De Wever: “It is best to take into account the local protest against Ventilus”
He said that on Monday in De Morgen on Radio 1. “The intention is to realize Ventilus this decade. If you ignore the resistance or try to bulldoze it, you won’t get it.”
Ventilus is a new high-voltage line along the E403 in West Flanders that will be crucial for bringing the electricity from offshore wind farms to land. But the file gives the Flemish government headaches. In the region there is strong public opposition to the high-voltage connection, because alternating current is said to increase the risk of cancer and cause visual pollution. Local residents and farmers demand an underground connection, but according to Guy Vloebergh, the intendant appointed by the Flemish government to untangle the knot, this is virtually impossible. According to grid operator Elia, an underground connection also entails an additional cost of billions of euros.

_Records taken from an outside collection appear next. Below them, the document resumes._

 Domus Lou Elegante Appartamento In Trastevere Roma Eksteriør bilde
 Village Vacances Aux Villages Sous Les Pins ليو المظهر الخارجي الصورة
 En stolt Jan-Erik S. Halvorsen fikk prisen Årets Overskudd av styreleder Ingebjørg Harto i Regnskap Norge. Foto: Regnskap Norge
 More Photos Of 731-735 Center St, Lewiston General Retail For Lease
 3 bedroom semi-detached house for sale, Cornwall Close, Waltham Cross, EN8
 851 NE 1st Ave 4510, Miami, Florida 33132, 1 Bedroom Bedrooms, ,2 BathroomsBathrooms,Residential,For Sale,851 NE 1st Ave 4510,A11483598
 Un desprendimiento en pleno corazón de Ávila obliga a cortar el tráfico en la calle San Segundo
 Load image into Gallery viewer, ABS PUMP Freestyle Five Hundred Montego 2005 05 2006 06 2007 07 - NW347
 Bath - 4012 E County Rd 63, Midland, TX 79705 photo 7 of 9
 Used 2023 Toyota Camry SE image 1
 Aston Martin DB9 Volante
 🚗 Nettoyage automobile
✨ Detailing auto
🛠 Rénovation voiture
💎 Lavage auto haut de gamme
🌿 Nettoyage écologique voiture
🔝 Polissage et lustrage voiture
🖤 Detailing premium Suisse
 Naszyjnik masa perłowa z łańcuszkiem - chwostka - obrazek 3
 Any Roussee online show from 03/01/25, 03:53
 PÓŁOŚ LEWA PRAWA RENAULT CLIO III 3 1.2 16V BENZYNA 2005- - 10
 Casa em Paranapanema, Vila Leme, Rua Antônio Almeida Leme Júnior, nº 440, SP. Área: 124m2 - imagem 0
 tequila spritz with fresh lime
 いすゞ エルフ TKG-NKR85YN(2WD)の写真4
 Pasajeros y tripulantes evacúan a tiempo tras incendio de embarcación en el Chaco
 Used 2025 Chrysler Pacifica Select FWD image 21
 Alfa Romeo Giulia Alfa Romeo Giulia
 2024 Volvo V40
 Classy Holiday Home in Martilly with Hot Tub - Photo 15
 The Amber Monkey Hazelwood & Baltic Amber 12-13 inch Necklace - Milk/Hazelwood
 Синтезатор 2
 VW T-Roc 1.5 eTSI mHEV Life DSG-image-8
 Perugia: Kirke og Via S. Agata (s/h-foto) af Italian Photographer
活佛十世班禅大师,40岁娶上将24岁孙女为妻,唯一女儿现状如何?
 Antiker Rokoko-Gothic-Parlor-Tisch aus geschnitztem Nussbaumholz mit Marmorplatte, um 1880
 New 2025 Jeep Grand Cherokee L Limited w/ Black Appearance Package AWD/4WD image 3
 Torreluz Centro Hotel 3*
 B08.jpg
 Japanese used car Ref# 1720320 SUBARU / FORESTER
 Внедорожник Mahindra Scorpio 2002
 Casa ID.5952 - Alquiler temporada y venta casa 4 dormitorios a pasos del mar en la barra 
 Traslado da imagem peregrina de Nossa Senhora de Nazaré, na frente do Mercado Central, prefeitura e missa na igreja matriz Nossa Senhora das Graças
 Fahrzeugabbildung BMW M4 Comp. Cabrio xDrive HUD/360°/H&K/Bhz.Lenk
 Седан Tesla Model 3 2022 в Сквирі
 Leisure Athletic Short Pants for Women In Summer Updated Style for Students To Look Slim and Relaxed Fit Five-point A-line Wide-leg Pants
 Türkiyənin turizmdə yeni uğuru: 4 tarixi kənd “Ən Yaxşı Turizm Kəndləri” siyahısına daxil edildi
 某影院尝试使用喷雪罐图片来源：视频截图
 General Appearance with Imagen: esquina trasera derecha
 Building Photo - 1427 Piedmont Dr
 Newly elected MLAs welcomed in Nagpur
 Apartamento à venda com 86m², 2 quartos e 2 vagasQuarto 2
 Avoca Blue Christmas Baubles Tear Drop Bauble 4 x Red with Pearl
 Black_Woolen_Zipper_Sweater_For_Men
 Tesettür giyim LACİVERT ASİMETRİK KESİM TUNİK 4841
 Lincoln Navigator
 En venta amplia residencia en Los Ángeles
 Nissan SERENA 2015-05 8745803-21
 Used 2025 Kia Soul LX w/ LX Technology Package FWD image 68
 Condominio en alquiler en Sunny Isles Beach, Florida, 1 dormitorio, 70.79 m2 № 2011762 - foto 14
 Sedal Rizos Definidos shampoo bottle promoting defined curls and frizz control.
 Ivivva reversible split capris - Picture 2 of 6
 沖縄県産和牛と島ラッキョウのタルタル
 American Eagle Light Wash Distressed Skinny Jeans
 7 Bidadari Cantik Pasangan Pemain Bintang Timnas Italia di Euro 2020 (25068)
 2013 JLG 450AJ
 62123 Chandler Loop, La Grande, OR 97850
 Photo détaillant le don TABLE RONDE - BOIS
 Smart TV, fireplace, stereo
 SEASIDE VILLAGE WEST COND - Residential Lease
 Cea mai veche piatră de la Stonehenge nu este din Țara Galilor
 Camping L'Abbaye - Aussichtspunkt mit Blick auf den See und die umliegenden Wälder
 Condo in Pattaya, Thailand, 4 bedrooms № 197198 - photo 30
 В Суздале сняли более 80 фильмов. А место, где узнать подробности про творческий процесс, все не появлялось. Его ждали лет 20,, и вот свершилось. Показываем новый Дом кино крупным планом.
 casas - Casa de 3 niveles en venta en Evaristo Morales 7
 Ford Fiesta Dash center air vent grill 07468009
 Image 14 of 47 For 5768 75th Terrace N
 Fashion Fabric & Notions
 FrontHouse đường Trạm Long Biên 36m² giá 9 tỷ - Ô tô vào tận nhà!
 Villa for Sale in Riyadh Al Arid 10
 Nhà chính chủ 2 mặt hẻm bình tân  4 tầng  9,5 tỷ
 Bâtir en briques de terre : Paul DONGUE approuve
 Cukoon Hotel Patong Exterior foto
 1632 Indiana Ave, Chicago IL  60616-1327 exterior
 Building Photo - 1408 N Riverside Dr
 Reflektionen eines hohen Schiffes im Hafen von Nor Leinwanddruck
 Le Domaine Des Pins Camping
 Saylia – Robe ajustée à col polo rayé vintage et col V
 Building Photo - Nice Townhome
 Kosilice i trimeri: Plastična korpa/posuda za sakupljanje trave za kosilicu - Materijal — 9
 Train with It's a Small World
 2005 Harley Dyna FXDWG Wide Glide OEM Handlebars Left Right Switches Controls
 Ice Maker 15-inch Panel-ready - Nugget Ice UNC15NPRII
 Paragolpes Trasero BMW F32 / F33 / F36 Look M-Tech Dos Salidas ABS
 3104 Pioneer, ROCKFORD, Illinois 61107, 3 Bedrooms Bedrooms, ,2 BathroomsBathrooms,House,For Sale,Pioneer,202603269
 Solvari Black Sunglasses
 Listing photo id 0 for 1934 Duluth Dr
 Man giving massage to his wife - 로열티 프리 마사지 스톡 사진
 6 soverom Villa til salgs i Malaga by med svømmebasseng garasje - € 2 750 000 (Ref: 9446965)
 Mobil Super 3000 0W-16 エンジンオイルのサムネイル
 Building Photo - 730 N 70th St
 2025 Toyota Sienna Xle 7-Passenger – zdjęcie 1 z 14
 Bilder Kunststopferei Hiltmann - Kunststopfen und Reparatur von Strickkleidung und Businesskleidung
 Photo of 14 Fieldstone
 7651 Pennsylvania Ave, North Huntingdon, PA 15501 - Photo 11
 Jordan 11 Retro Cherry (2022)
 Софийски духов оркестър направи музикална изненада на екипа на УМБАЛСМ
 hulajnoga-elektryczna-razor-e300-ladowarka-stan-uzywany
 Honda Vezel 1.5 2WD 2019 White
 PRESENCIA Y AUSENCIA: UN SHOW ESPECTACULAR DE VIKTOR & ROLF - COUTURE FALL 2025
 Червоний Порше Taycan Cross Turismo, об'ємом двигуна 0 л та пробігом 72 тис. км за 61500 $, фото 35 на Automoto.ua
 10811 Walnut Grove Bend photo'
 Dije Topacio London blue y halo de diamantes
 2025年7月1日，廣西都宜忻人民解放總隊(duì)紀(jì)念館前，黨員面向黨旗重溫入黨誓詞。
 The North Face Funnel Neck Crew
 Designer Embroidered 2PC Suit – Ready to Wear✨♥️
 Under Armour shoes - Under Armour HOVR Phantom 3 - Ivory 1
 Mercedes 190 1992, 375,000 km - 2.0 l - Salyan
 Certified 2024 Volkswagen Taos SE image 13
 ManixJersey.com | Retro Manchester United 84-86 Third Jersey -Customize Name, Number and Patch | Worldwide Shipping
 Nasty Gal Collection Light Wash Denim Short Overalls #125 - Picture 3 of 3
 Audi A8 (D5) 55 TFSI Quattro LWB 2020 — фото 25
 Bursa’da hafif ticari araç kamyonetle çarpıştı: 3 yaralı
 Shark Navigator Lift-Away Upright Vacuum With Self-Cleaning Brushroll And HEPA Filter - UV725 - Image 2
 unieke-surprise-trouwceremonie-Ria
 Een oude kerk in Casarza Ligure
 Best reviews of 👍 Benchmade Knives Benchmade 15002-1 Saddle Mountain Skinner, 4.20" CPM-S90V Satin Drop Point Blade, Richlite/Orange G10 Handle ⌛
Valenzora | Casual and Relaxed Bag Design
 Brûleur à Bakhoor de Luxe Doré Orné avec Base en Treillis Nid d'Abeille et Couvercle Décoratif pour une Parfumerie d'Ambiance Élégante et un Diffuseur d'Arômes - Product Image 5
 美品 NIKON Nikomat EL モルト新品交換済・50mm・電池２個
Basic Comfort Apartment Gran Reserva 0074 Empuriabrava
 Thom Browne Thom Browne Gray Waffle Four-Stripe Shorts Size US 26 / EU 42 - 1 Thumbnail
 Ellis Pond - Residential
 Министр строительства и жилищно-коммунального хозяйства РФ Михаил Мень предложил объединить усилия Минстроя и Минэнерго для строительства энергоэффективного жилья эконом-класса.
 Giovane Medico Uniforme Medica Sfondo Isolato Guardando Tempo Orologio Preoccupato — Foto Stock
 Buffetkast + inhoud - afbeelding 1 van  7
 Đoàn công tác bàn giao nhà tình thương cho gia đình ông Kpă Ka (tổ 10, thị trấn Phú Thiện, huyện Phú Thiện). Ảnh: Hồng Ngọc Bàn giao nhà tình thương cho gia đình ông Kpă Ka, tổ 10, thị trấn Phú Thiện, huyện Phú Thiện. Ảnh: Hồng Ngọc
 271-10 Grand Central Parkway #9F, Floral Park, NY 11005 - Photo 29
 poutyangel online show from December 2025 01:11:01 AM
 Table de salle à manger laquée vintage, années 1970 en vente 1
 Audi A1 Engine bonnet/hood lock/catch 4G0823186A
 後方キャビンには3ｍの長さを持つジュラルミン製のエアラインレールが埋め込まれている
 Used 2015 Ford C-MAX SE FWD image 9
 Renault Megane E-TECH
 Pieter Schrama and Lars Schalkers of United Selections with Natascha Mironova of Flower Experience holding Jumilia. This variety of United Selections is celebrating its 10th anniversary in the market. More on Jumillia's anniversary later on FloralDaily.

Flemish Deputy Prime Minister Bart Somers (Open VLD) stated in an interview with De Standaard that the route should indeed be constructed above ground. He called the intendant’s report “clear”, the arguments “decisive, scientific and substantiated”.
Procedural Stroke
However, N-VA chairman Bart De Wever believes that the government should better take the concerns of local residents into account. Otherwise there is a threat of a procedural battle, he fears. “The intention would be to realize this this decade. If you ignore the resistance or try to flatten it, you will not make it,” he said in De Morgen on Monday.
In concrete terms, a regional spatial implementation plan must now be drawn up, in which it must be made clear what type of connection will be made. According to De Wever, this is “a collegial decision by the Flemish government”. “Everyone will have to show their colors.”
If an above-ground connection is chosen, according to the N-VA chairman, “a suitable solution” must be found for the affected local residents, “so that they would stop the resistance”. “We will have to find a consensus, or it will be nothing.”